Keep an eye on your customer reviews in two ways. First, make it easy for customers to leave their feedback with automatic, non-pushy email reminders and giveaways for those who complete them. Second, respond directly in an honest, humble, and not at all defensive way to negative reviews on public forums like Google or Yelp to show customers that you acknowledge your mistakes and make up for them. 

5. Provide useful resources with no obvious sales angle.

No one likes being hit up for money every time they open an email or answer the phone. Your communication with your customers shouldn’t be all directly tied to sales goals. Consider your expertise and your customers’ needs and find ways to bridge them and bring joy to your buyers. 

For instance, if you sell baking supplies, you could invest in blog pieces that research the most popular cookie recipes by season or email out expert advice on how to keep holiday treats fresh. Neither kind of content would focus explicitly on getting people to buy more baking sheets, but you’d be cementing your brand’s status as a helpful expert in that space and nurturing your relationship with customers.

6. Upsell.

Upselling is when you offer your customers a more expansive, expensive, or complete version of your product or service. That can mean getting them to buy a premium version of your low-cost software, to add-on an extended warranty to a tech purchase, or to spring for extra features on a product.

For example, retailers who offer extended warranties through Clyde see average purchase orders increase by 11%.

7. Cross-sell.

Cross-selling is offering your customers products that are related to things they’ve already bought from you, like when you’re buying flowers online and you get asked if you want a vase, too. This works well in the moment, as part of your checkout cycle, whether you name it (“Customers Who Bought This Also Bought…”) or not. 

But you can also incorporate cross-selling into follow-up email marketing campaigns. If someone bought a couch from you last month, a customized email highlighting couch-friendly accessories like throw pillows, rugs, and blankets might do very well indeed.

8. Incentivize the next order.

An ideal repeat customer is one that returns to your product not just once, but time and time again. Make that as easy for them as possible. You can offer discounts, though be smart about your discount strategy so as to not hurt your brand, or you can stagger loyalty bonuses, like when department stores give buyers gift cards that can only be used the following month.

9. Offer exclusive access to new products.

Your customers are people who already have a proven need for your products or services—so why not start with them when you have something new to share? 

Let’s say you’re a video game company. If you’re about to release a new high-end game, one of your most important (and highest-converting) marketing groups should be people who bought your last game. Play into our psychological desire for exclusivity and let them know they’ll be the first people who can access your new release.

10. Reward repeat customers.

I have at least six coffeeshop and frozen yogurt punch cards in my wallet. It’s a ridiculous collection: I no longer live in any of the three cities they hail from and I don’t even like either coffee or frozen yogurt. (Give me tea or ice cream any time.) But I keep them, and every time I visit Chicago or New York or Ann Arbor, I make an active effort to frequent those places for meetups with old friends or ex-coworkers. 

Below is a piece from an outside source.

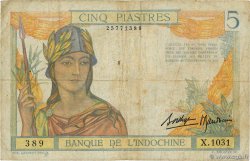 5 Piastres FRANZÖSISCHE-INDOCHINA  1936 P.055b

Rewarding customers for having long relationships with your brand can be an extremely low-cost way to keep customers coming back, whether you do it with something as simple as a punch card or as comprehensive as a credit card points system.

Sephora’s Insider program is a great example of how to reward customers. The beauty company gives its consumers one point for every dollar spent and then allows customers to use those points to unlock exclusive products and trials.  

Remember, there are two ways to improve customer lifetime value.

You want to both make it easier for your current customers to buy more of what they need, and make it easy for customers to buy what they need from you by building a relationship with them over time. Just doing one isn’t enough. So while you may not implement all 10 of our suggestions right now, make sure you’re picking a few from to get the most benefit.